What use is sitting alone in your room? There’s no option, really, at this time of year, but to come hear the music play. Which I did big time last night, first at my literary agent’s party in Soho and then at our office do near Oxford Circus.

Mind you, I had something to celebrate anyway. Our son rang from a snowy New York where he said he had proposed to his girlfriend at the top of the Rockefeller Centre and had been accepted. He did so on his birthday, which he happens to share with Beethoven, Noel Coward and Christopher Biggins, so I hope the genius of all three shines on their future life together.

The A P Watt gathering in Soho House was a wonderfully eclectic crowd including Arthur Smith — who confirmed he will be gracing the Critics Circle awards at the end of January; “one of my favourite gigs” he said — Junk novelist Melvin Burgess, journalists Nick Cohen and Andrew Anthony and such eminent literati as Andrew O’Hagan, Helen Dunmore and Philip Pullman.

Pullman, a man of almost suffocating modesty and pleasant charm, told me how some minor health problems had necessitated his resignation from the National Theatre board, where he has served with such distinction these past few years.

He reiterated his view that he could not imagine a better stage version of His Dark Materials than the one we had and that he never ceased to marvel at the ability of Nicholas Hytner to go straight to the heart and the point of every scene in rehearsal.

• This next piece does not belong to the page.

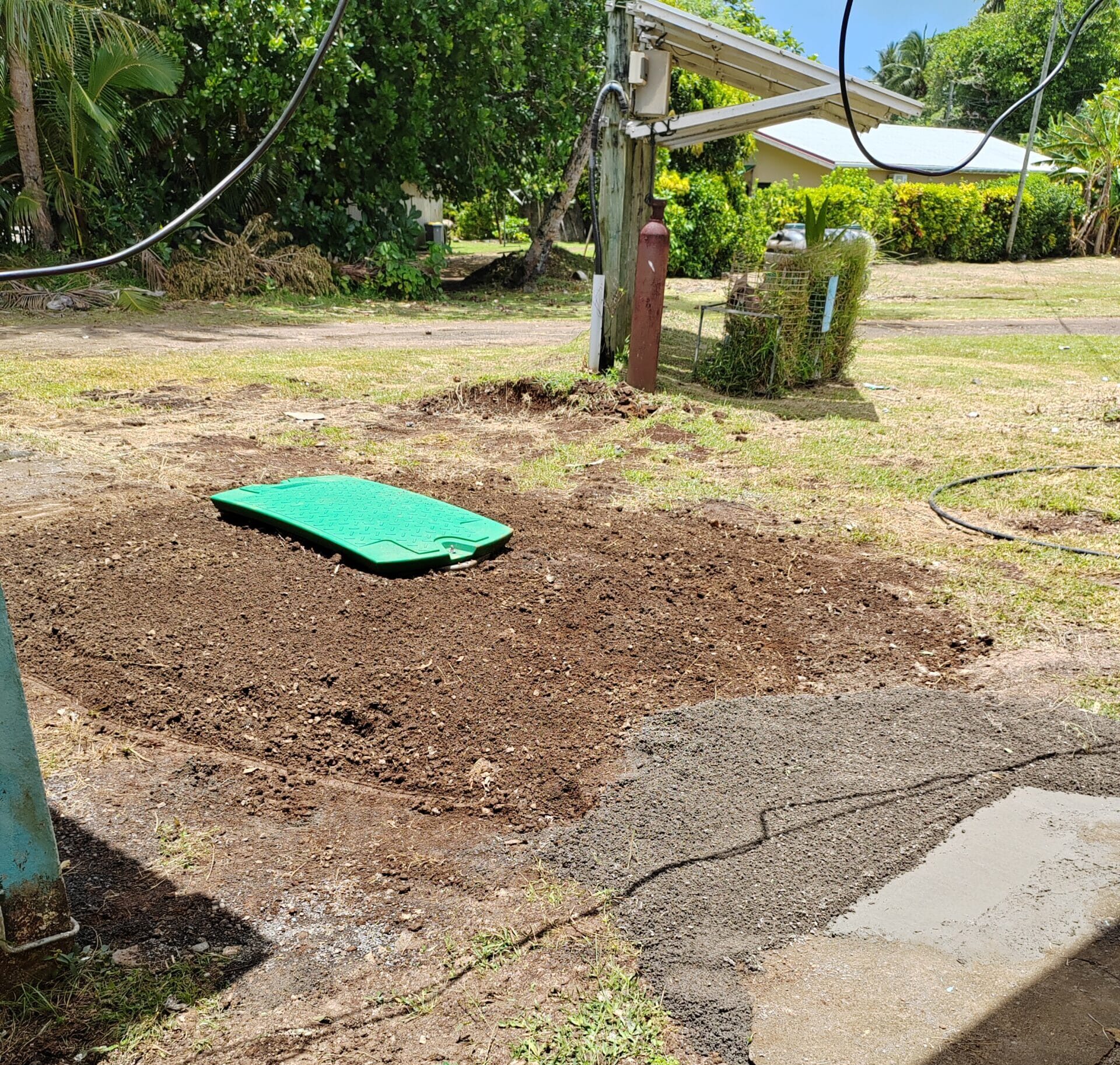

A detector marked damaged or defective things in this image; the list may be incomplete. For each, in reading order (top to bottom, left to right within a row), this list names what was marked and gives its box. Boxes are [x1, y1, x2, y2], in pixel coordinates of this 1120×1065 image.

Pullman’s a great Shavian and is justifiably proud — in a modest way, of course — of having persuaded Hytner to take a second look at Saint Joan and Major Barbara and then arrange for them to be done as well as they were.

His association with A P Watt goes back to his Oxford days with head honcho Caradoc King, with whom he was in Exeter College. I’m always forgetting names, but I rarely forget a face. But as I left the party, I was hailed by a chap called James Wilson whom I simply could not place. He said we had been exact contemporaries in the same college and that he now wrote historical novels.

I was so flabbergasted that I fell into a passing taxi and hurried to join the Whatsonstage office party which had been in full swing at a karaoke bar and was now settling down in the back room of a Pitcher and Piano venue.

The food was better than okay, the wine flowed and we all gave each other presents. One of mine was a voodoo doll which I can turn into anyone I please by adding a photo, drawing on designs with a fabric pen and then sticking in pins for my hex.

Whom shall I honour with this diabolical treatment? The President of the Society of London Theatres? Simon Cowell? Blanche Marvin? The Mayor of London?

It can’t be the latter, for my son’s fiancee is the younger sister of one of Boris Johnson’s few remaining deputies, Kit Malthouse, and before he, too, resigns (perish the thought) I hope to engage Boris in a campaign to abolish programme charges in West End theatres, reduce all ticket prices, open all theatres on Sundays, improve all bar service and compel managements to make theatregoers feel more welcome when they honour them with their business. 

I see I’m now starting to form a few New Year resolutions. They’re on hold for now, though, as I plunge once more into the party maelstrom. Now, who will I spot in Joe Allen’s this lunchtime, I wonder?